(TASK REQUIREMENTS) Starting at the line that holds "Tommaso Cuccioni (1790-1864)" and stopping at the line that holds "sold by valabasas", restate the records below word for word, with both of those lines included.

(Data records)

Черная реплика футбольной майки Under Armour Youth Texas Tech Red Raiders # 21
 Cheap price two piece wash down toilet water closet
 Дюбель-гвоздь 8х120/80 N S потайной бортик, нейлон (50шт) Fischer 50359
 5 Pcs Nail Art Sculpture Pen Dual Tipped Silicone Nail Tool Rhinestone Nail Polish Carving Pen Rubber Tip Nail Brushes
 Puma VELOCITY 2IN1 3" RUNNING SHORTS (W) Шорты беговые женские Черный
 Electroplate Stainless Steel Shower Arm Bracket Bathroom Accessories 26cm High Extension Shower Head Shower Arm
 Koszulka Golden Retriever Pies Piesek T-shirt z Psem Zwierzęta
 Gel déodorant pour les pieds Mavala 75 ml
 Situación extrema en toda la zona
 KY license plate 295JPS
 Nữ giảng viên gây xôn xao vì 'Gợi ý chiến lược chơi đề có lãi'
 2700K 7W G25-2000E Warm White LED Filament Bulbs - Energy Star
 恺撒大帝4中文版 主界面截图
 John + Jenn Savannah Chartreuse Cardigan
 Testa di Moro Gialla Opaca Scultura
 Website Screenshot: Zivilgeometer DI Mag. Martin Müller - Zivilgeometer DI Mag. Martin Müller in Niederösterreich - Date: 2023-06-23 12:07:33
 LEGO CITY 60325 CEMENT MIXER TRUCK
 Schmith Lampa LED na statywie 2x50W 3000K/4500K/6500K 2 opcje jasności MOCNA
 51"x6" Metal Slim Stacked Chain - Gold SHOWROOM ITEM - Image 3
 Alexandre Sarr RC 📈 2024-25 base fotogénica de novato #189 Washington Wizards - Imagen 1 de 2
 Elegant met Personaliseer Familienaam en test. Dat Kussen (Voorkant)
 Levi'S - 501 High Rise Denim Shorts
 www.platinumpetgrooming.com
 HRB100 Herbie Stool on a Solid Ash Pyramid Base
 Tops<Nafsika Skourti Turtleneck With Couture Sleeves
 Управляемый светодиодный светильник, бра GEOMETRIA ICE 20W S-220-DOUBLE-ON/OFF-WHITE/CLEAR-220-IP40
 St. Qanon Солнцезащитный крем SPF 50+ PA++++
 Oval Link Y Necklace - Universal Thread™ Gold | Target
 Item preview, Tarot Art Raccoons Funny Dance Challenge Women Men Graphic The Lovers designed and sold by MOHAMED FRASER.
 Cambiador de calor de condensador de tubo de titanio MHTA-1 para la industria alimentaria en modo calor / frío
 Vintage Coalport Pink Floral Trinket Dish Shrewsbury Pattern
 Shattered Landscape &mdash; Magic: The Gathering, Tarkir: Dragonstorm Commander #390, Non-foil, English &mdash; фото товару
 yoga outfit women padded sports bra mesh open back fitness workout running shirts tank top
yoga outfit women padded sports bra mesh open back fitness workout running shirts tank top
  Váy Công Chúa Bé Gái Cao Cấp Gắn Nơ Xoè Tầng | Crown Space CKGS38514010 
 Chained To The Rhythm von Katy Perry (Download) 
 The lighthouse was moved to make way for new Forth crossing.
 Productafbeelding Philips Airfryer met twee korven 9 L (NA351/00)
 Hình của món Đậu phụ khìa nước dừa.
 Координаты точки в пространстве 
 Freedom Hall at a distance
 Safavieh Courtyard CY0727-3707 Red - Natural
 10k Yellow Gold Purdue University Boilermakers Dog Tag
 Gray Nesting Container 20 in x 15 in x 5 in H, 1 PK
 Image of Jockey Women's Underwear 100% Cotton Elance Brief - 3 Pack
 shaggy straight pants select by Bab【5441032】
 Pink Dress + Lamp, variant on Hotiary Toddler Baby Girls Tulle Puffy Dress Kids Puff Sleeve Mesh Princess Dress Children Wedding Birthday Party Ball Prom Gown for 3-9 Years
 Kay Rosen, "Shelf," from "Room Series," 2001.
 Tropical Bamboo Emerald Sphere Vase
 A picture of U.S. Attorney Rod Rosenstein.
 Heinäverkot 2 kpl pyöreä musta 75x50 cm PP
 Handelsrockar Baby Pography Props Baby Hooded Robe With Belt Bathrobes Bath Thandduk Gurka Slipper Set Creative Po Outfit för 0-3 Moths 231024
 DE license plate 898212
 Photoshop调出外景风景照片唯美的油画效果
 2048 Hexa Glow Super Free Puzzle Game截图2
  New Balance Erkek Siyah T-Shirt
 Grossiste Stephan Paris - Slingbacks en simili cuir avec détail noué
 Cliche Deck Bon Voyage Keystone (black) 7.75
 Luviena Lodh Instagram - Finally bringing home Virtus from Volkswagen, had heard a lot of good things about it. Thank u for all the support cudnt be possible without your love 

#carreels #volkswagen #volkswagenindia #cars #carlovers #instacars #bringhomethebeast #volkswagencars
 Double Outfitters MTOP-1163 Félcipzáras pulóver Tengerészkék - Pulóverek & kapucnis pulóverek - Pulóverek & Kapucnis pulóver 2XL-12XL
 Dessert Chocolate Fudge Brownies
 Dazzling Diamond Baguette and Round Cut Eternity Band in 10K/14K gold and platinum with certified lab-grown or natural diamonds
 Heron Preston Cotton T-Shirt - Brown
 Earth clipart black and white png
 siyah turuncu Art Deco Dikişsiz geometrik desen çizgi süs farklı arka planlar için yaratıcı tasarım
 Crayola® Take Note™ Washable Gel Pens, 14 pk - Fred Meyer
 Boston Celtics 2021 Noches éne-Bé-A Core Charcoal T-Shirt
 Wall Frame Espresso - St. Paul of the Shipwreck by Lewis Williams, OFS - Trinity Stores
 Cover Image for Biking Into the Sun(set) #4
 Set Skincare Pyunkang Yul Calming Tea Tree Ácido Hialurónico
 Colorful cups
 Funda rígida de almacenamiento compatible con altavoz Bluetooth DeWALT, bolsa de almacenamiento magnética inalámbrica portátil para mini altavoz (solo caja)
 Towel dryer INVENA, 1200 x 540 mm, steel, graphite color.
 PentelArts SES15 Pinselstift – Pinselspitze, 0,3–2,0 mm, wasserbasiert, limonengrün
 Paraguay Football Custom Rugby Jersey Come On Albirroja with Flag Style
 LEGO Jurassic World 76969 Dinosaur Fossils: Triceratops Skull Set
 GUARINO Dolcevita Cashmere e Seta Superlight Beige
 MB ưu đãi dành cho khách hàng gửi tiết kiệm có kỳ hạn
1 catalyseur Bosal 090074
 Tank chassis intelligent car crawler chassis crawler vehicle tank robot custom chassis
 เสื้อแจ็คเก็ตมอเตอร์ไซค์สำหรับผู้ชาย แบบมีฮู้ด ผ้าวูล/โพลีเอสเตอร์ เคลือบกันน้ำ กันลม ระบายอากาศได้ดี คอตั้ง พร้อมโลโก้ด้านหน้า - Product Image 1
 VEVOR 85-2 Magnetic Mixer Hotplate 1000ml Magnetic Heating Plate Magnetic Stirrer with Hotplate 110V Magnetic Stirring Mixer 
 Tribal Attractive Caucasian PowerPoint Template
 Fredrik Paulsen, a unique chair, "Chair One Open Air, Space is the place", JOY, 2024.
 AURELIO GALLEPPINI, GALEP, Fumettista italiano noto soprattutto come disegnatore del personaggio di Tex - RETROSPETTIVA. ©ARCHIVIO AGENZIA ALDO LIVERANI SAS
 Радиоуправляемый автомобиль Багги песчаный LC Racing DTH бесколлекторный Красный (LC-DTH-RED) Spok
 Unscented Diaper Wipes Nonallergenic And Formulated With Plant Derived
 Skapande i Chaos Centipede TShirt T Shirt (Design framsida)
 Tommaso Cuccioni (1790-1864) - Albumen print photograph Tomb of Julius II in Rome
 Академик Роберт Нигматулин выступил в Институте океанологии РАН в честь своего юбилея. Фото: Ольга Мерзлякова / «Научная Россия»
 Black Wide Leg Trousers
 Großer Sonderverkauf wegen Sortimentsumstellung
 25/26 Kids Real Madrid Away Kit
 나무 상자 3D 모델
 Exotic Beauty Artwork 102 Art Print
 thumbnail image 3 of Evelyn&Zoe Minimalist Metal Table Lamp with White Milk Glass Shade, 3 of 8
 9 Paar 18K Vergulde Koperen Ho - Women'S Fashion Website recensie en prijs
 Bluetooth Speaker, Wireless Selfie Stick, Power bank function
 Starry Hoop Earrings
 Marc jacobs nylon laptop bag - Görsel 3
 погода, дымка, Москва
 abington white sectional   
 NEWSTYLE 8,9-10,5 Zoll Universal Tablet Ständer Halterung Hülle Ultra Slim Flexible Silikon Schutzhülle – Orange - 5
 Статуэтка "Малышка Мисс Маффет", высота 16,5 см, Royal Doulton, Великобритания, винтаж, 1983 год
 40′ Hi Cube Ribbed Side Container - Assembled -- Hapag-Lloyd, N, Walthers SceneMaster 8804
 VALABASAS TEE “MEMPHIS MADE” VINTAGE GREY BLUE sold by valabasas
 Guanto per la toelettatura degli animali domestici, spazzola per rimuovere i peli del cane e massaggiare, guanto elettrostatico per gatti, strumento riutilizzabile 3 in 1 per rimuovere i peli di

(RESPONSE TO THE TASK)
 Tommaso Cuccioni (1790-1864) - Albumen print photograph Tomb of Julius II in Rome
 Академик Роберт Нигматулин выступил в Институте океанологии РАН в честь своего юбилея. Фото: Ольга Мерзлякова / «Научная Россия»
 Black Wide Leg Trousers
 Großer Sonderverkauf wegen Sortimentsumstellung
 25/26 Kids Real Madrid Away Kit
 나무 상자 3D 모델
 Exotic Beauty Artwork 102 Art Print
 thumbnail image 3 of Evelyn&Zoe Minimalist Metal Table Lamp with White Milk Glass Shade, 3 of 8
 9 Paar 18K Vergulde Koperen Ho - Women'S Fashion Website recensie en prijs
 Bluetooth Speaker, Wireless Selfie Stick, Power bank function
 Starry Hoop Earrings
 Marc jacobs nylon laptop bag - Görsel 3
 погода, дымка, Москва
 abington white sectional   
 NEWSTYLE 8,9-10,5 Zoll Universal Tablet Ständer Halterung Hülle Ultra Slim Flexible Silikon Schutzhülle – Orange - 5
 Статуэтка "Малышка Мисс Маффет", высота 16,5 см, Royal Doulton, Великобритания, винтаж, 1983 год
 40′ Hi Cube Ribbed Side Container - Assembled -- Hapag-Lloyd, N, Walthers SceneMaster 8804
 VALABASAS TEE “MEMPHIS MADE” VINTAGE GREY BLUE sold by valabasas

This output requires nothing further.